(Given data begins)
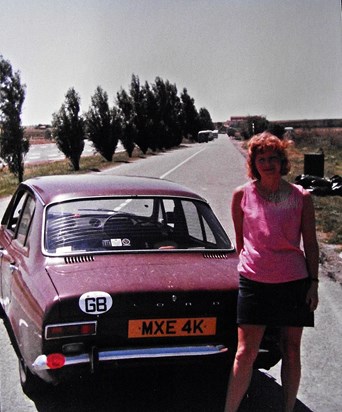 A lay-by stop in France, with faithful old MXE the first car.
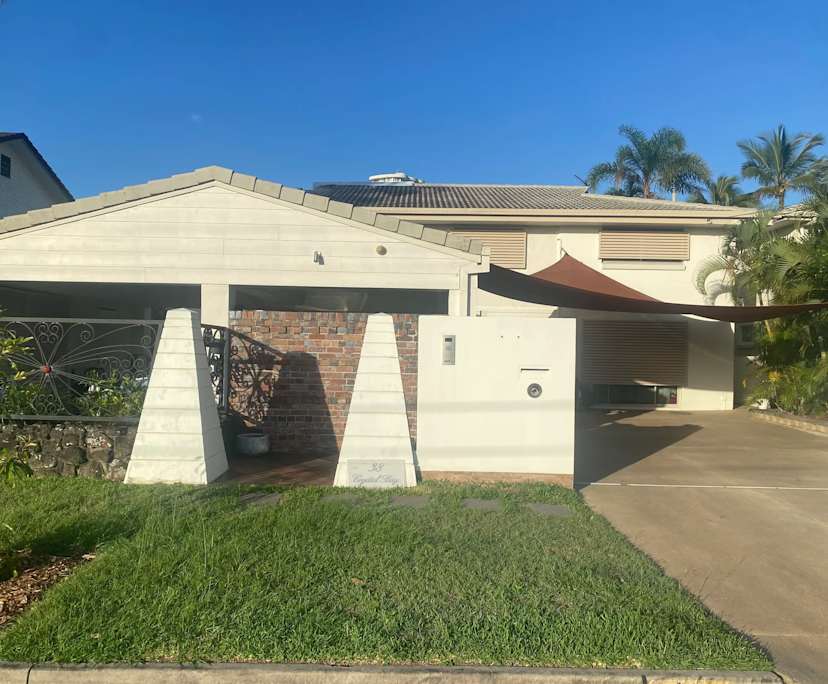 $325, Share-house, 4 bathrooms, Biggera Waters QLD 4216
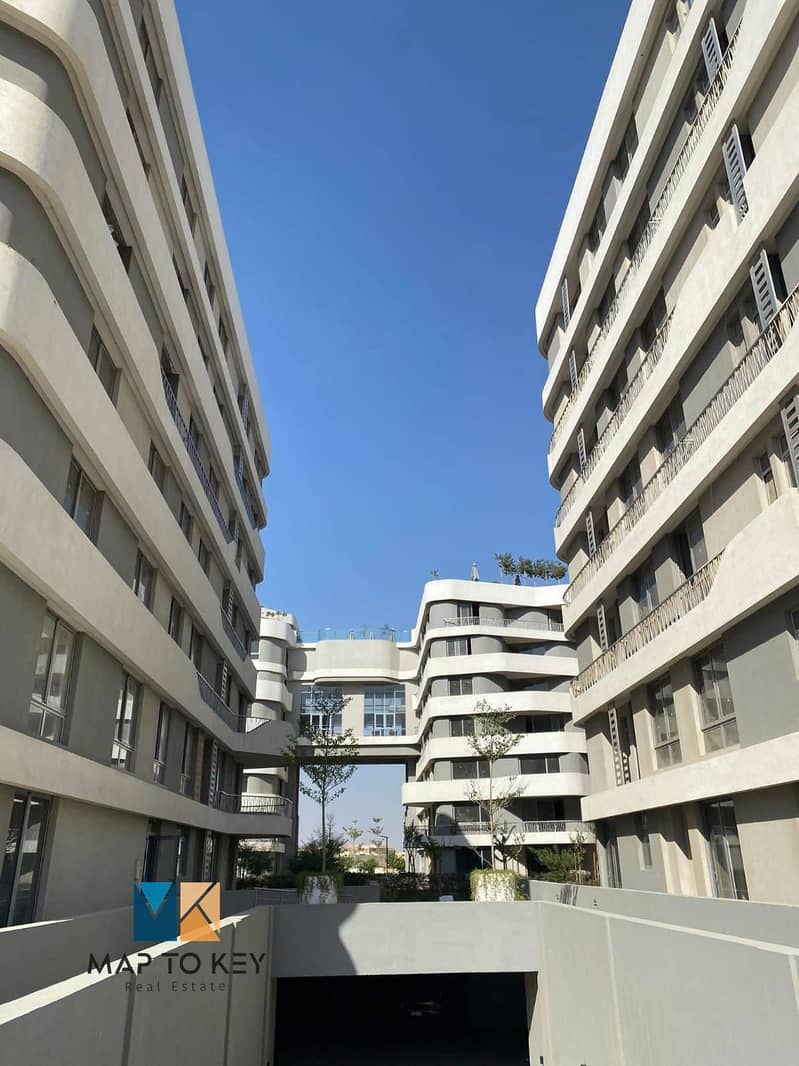 17 5ab501fd-cf53-490d-a876-2a0d0d61e07e. jpg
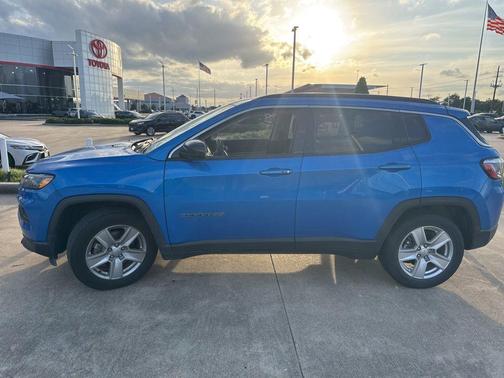 Laser Blue Pearlcoat 2022 Jeep Compass Latitude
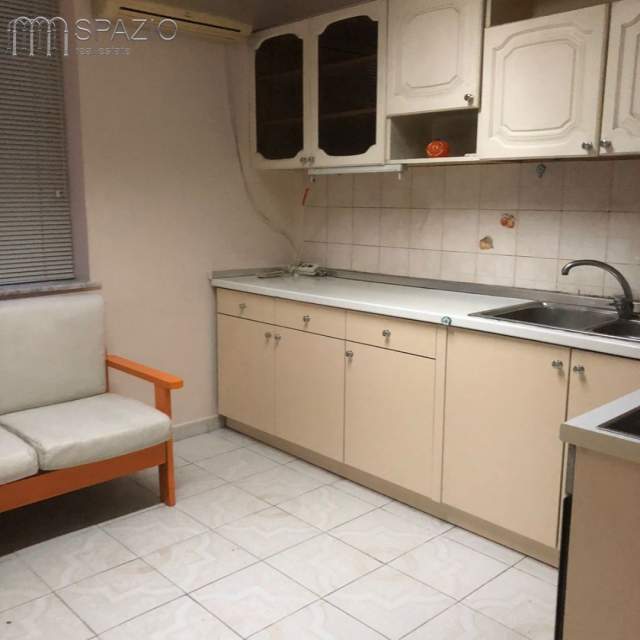 Tirane, jepet me qera apartament 2+1+BLK Kati 3, 105 m² 400 Euro (Rruga ''Kavajes'')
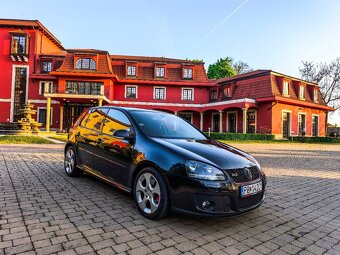 Volkswagen Golf 5 GTI 2.0TFSI 147kw čierna metalíza - 3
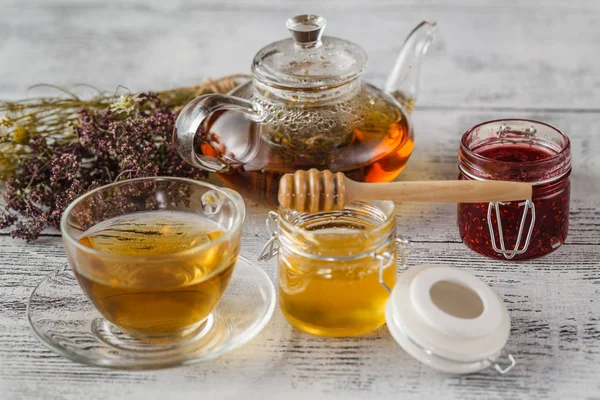Чашка травяного чая с полевыми цветами и различными травами — стоковое фото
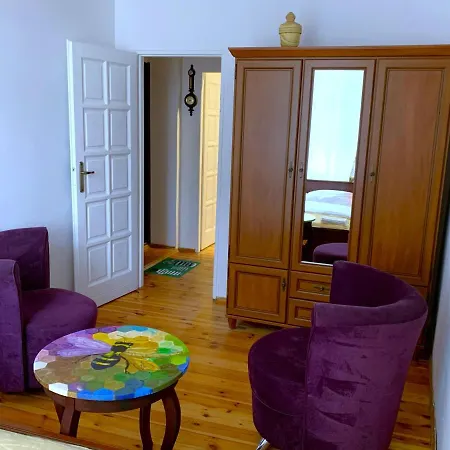 Rynekart Apartment *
(Given data ends)
Set down each entry above word for word, without its pictures.

 A lay-by stop in France, with faithful old MXE the first car.
 $325, Share-house, 4 bathrooms, Biggera Waters QLD 4216
 17 5ab501fd-cf53-490d-a876-2a0d0d61e07e. jpg
 Laser Blue Pearlcoat 2022 Jeep Compass Latitude
 Tirane, jepet me qera apartament 2+1+BLK Kati 3, 105 m² 400 Euro (Rruga ''Kavajes'')
 Volkswagen Golf 5 GTI 2.0TFSI 147kw čierna metalíza - 3
Чашка травяного чая с полевыми цветами и различными травами — стоковое фото
 Rynekart Apartment *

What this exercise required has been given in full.